Many years later, I ran into Michael at America’s annual economics conference and learned that he had become a professor of economics. In the year 2000, he wrote “Surrender: How the Clinton Administration Completed the Reagan Revolution,” published by the University of Michigan Press. And I interviewed him briefly that year for a NewsHour story on the state of the economy as the new millennium dawned.
A politically passionate progressive, Michael has retired from his longtime post at Western New England University and has, in the past few years, been teaching — public spiritedly, as always — at the John Jay College of Criminal Science, a senior college of The City University of New York. He has also collaborated on an alternative economics textbook with Howard Sherman, emeritus economics professor at the University of California, Riverside.
I asked them why the world needs yet another econ textbook. They took the double occasion of the recent 50th anniversary of the March on Washington and this week’s Martin Luther King Jr. Day to explain.
Howard Sherman and Michael Meeropol: America recently remembered the 1963 March on Washington and this week, the birthday of Dr. Martin Luther King Jr. But it continues to forget half of what brought over a quarter of a million Americans to the nation’s capital 50 years ago and motivated King throughout his life: not just the desire for freedom, but for jobs.
In 1966, A. Philip Randolph and Bayard Rustin, the two men who organized the march, came up with what they called the “Freedom Budget,” which demanded massive government intervention to guarantee full employment. Too many Americans remember only Dr. King’s “I have a dream” speech. What most do not know is that King signed his name to the Freedom Budget and demanded that the United States guarantee everyone either a job or an income. Instead, what we have now in this country, according to Paul Solman’s inclusive “U-7” reckoning of under and unemployment, is more than 24 million Americans who want a full-time job but don’t have one.
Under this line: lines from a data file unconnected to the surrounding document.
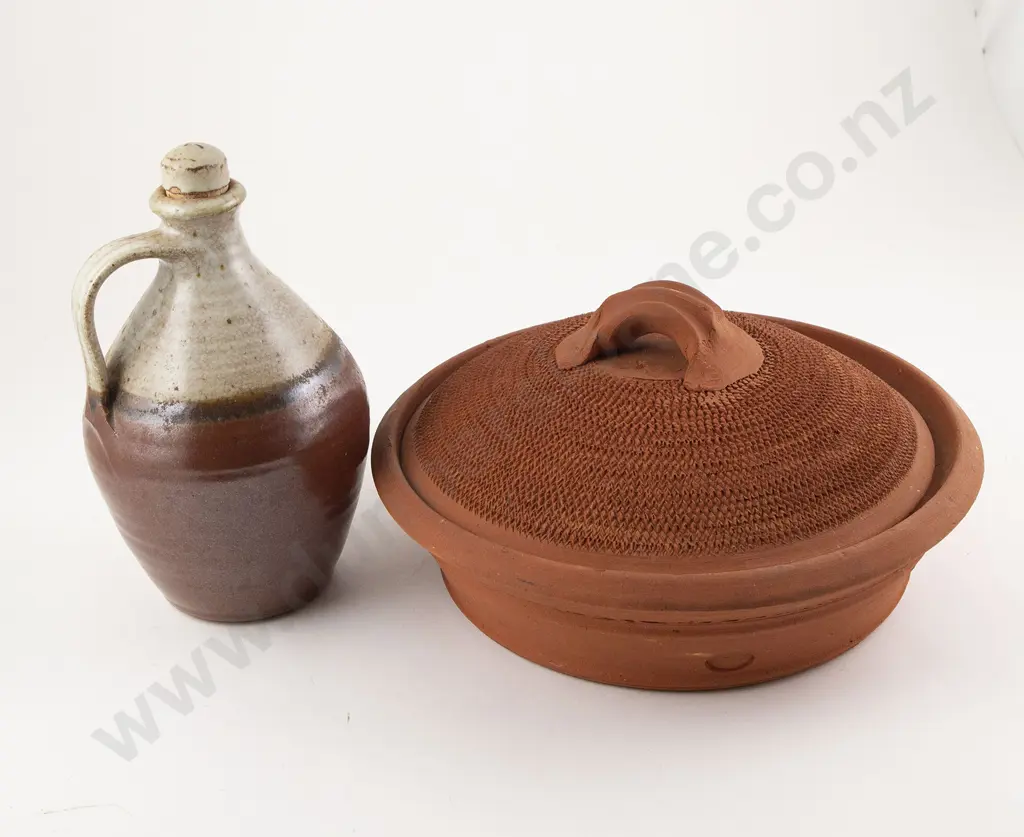 Ross Mitchell-Anyon Terracotta Casserole & Unknown Flask Image 1++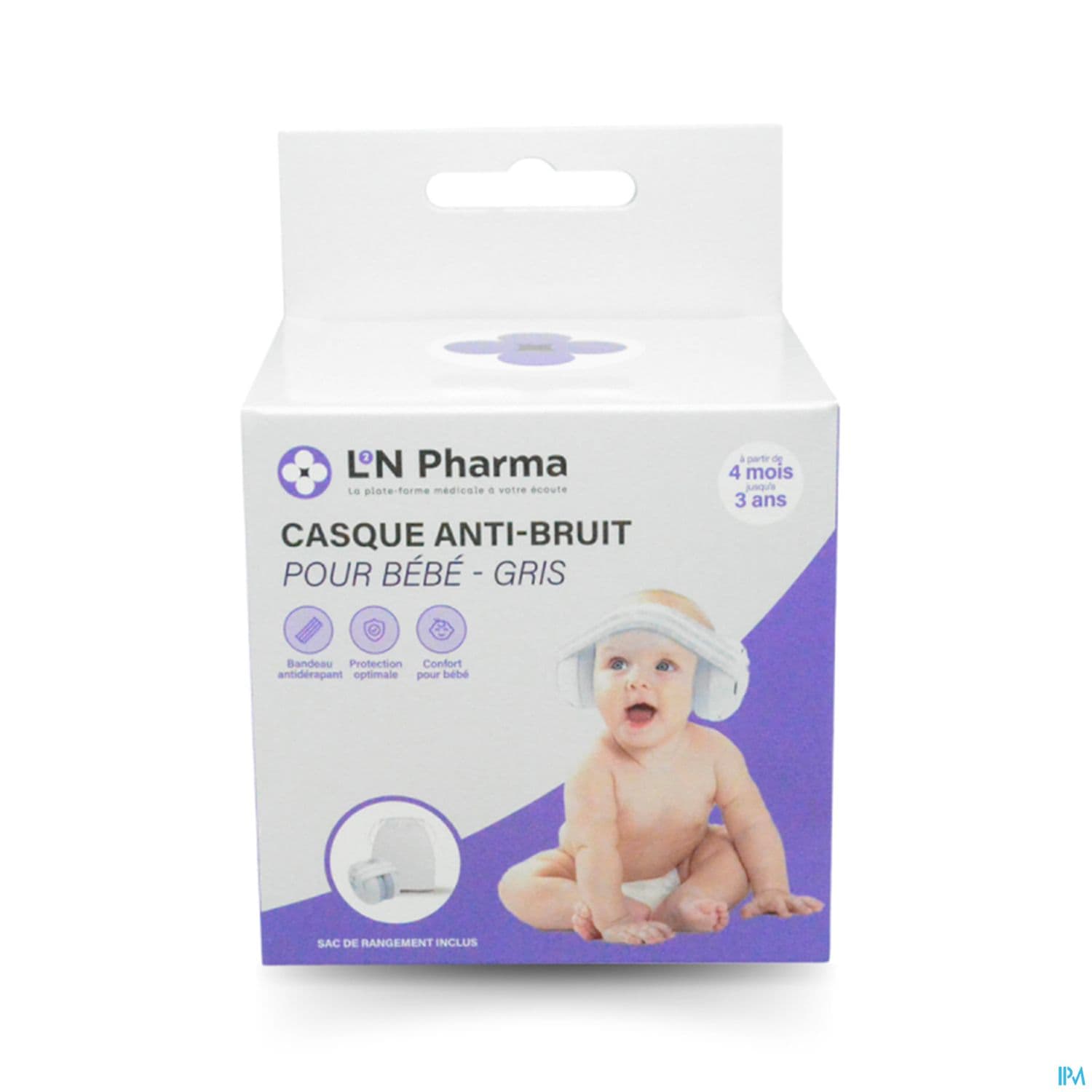 L2N CASQUE A/BRUIT BEBE 3M+ GRIS — Pharmacie porte de la villette
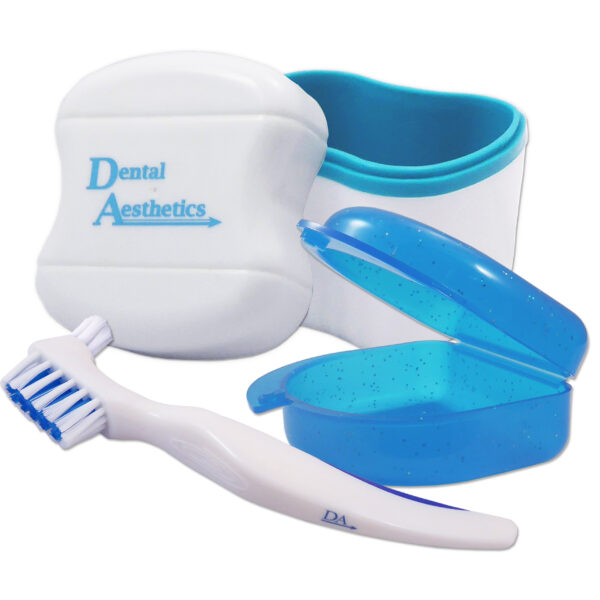 Dental bath, glitter blue retainer case and denture brush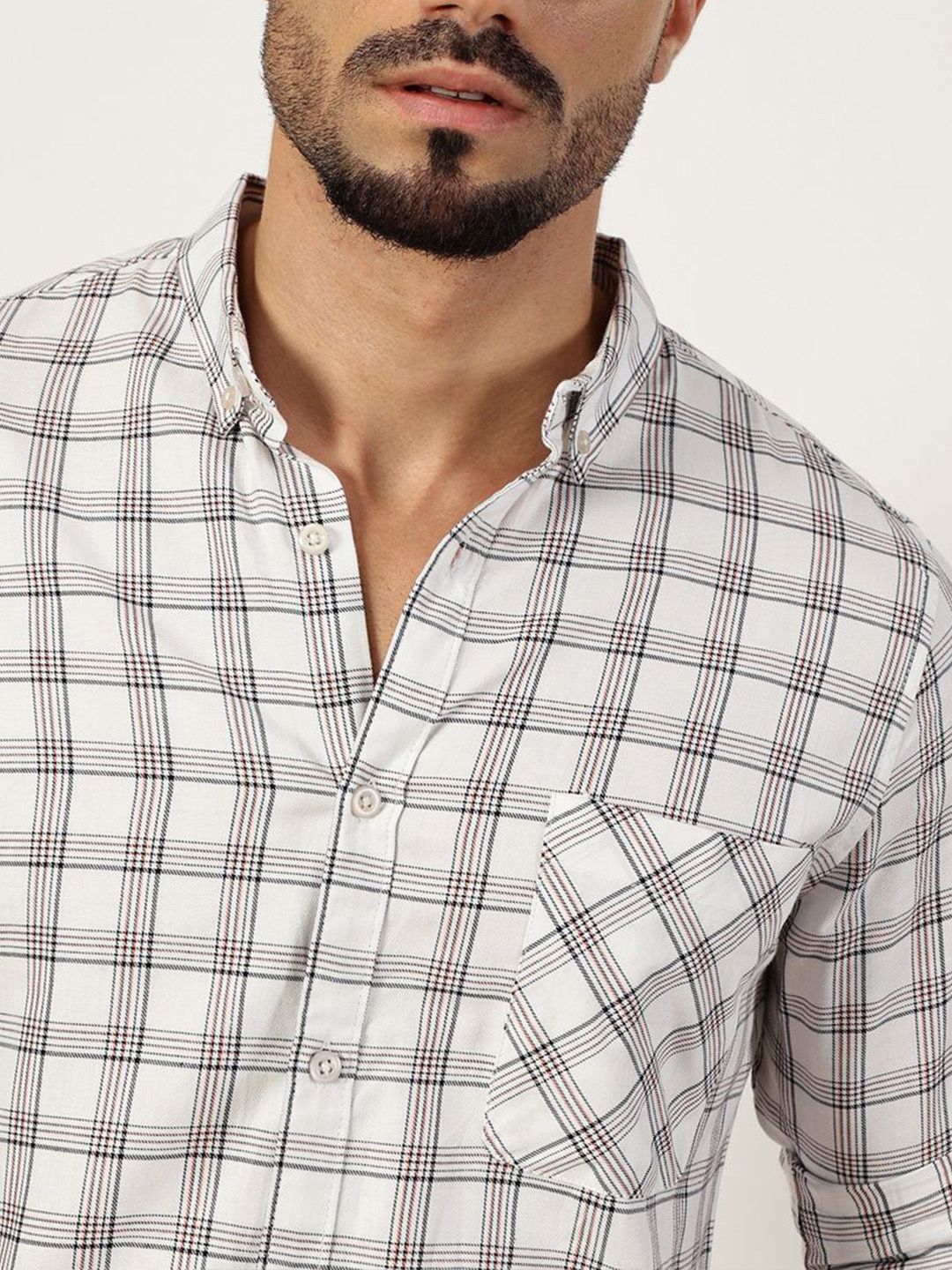 Thomas Scott Men Premium Slim Fit Opaque Checked Casual Shirt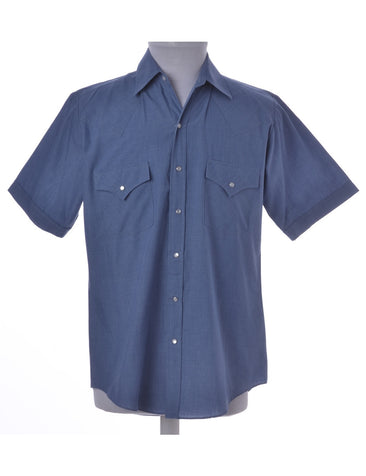 Vintage Western Shirt Blue With Yoke Detail
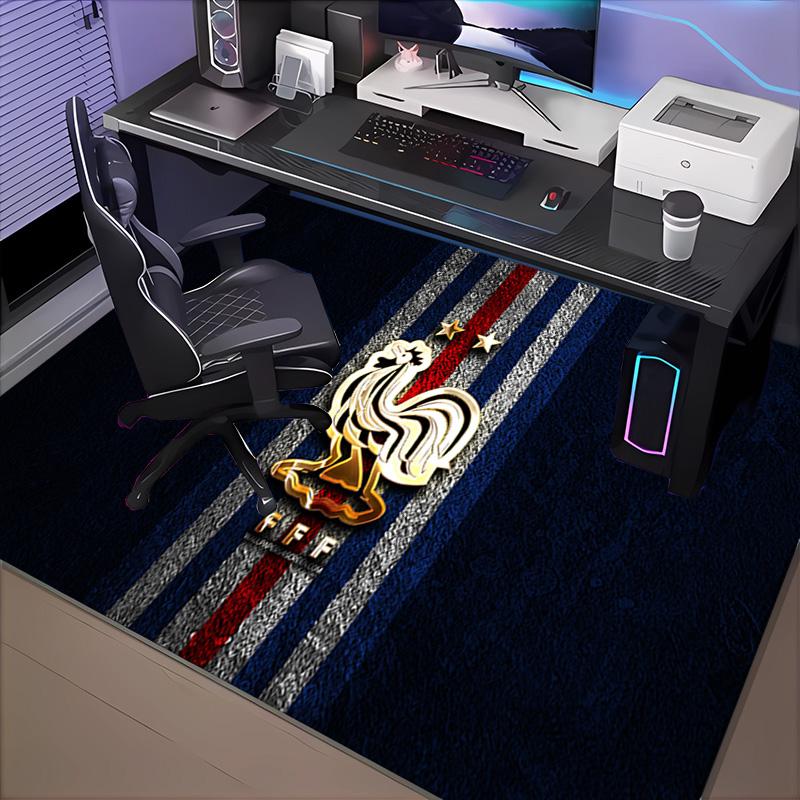 1PC France Football Emblem Floor Mat for Living Room, Game Rooms, Office, Bedroom, Office Floor Mat Playful Design, Christmas Fan Gifts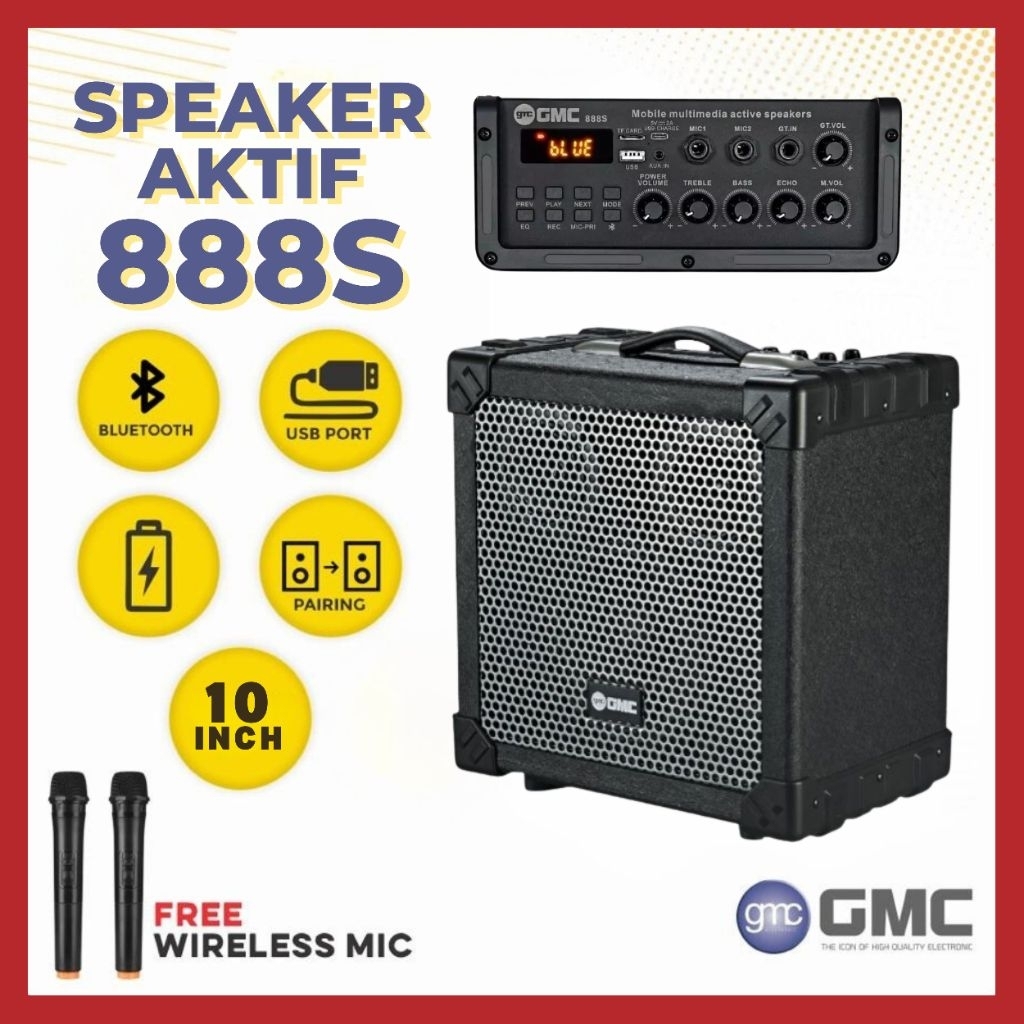 SPEAKER GMC 888S | 10 INCH | 2 MIC WIRELESS
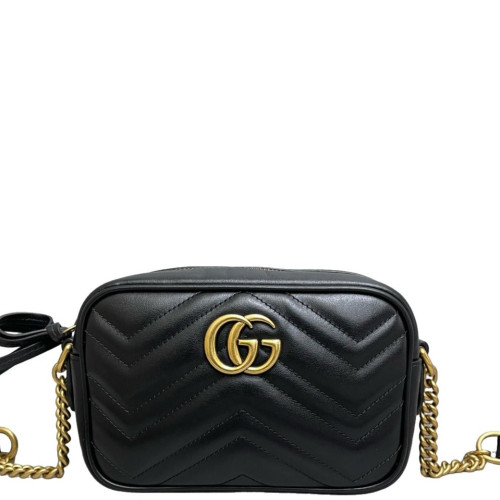 Gucci Mini GG Marmont Chain Shoulder Bag Calfskin Black Gucci Mini GG Marmont Chain Shoulder Bag Calfskin Black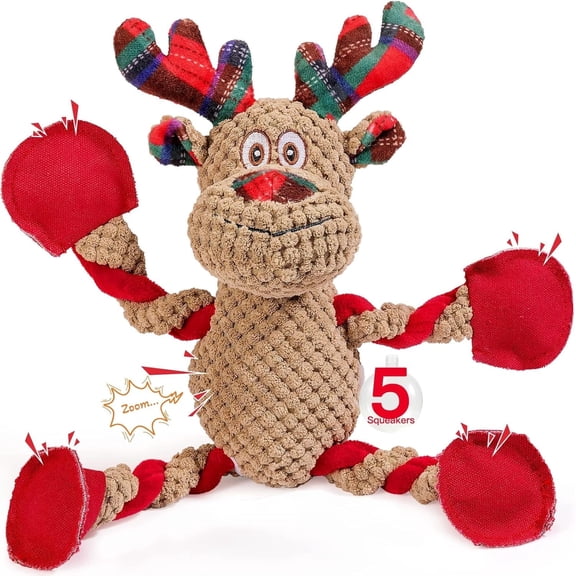 TETOU Christmas Squeaky Dog Toys,Interactive Durable Plush Dog Chew Toys for Puppies Small Middle Large Dogs Training and Reduce Boredom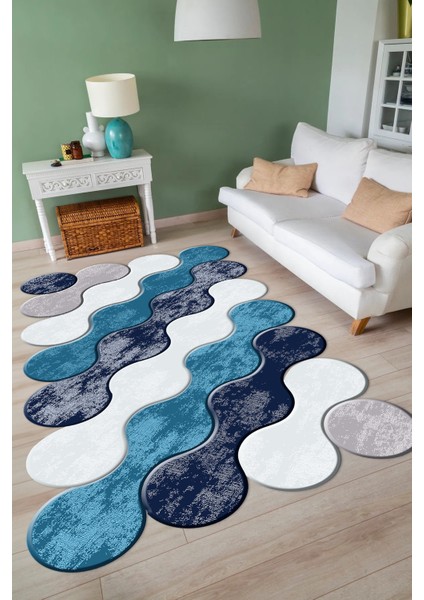Dijital Baskılı Kaymaz Taban Yıkanabilir Lazer Kesim Yolluk Mutfak Salon Halısı, N-Lazer-02-Mavi, fırsatları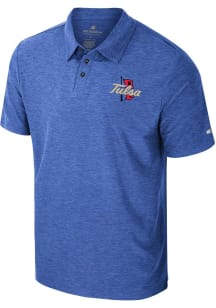 Colosseum Tulsa Golden Hurricane Mens Blue Revolution Short Sleeve Polo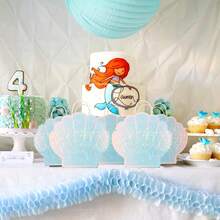 2pcs/5pcs/10pcs,Seashell Party Favor Bag For Mermaid Birthday Decorations And Under The Sea Theme Party Summer Ocean Beach Picnic Party Celebration Gift Bag Goodie Treat Bags Party Supplies(Blue) - 藍色 - 查看 6
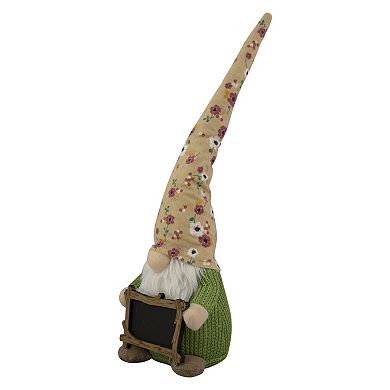 Northlight Yellow Floral Springtime Message Board Gnome Floor Decor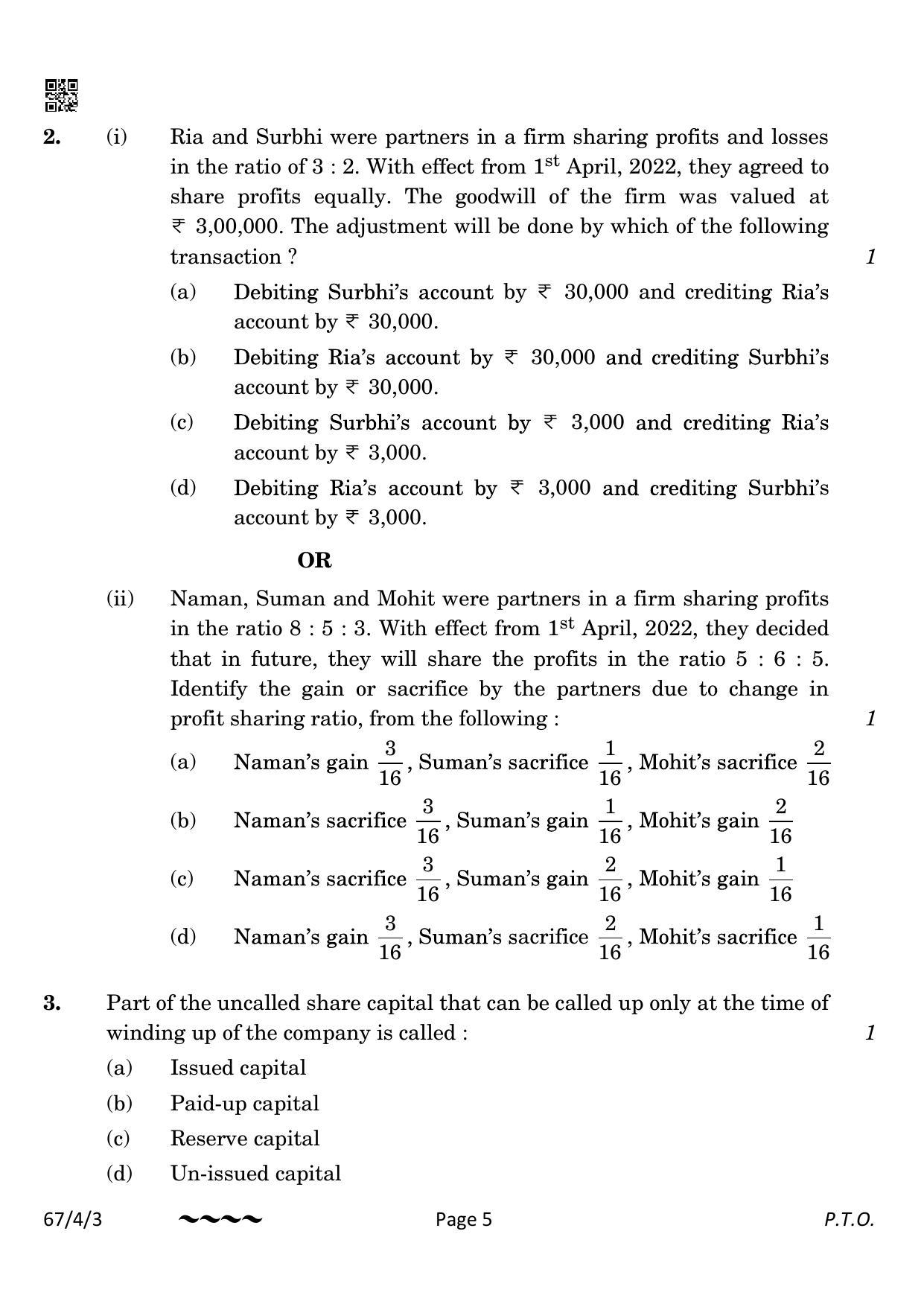 CBSE Class 12 67-4-3 Accountancy 2023 Question Paper - Page 5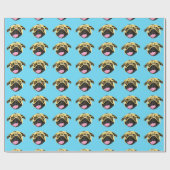 Blauw pug cadeaupapier (Vlak)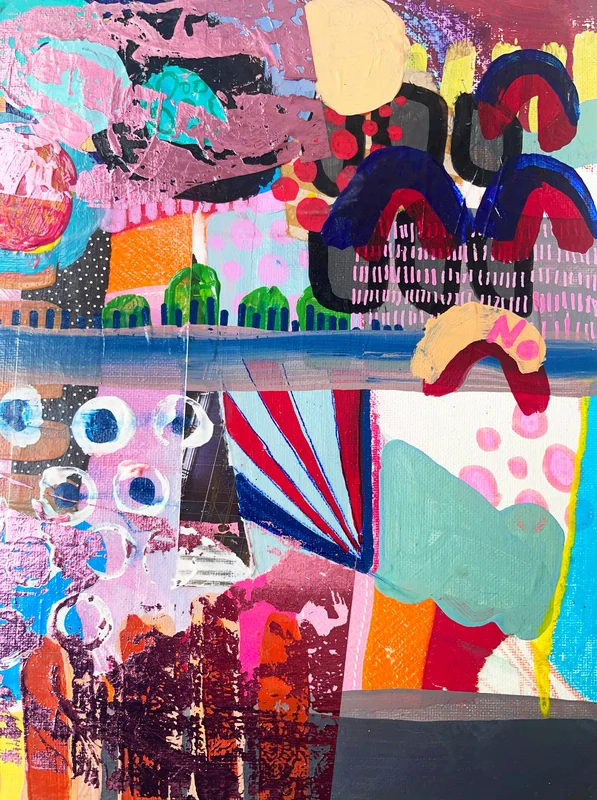 View Mixed Media Abstract Collage Wall Art on Board Canvas, Paper Collage Art, Canvas Art Original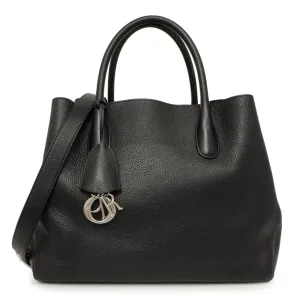 Christian Dior Black Grained Calfskin Large Open Bar Tote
Most economics textbooks implicitly argue that such a guarantee is impossible to achieve and that any effort to attempt to do so will result in more harm than good. But our new text, “Principles of Macroeconomics: Activist vs. Austerity Policy,” presents the evidence that suggests otherwise. Moreover, we think textbooks that accept the conventional wisdom are doing a grave disservice to students all over the country.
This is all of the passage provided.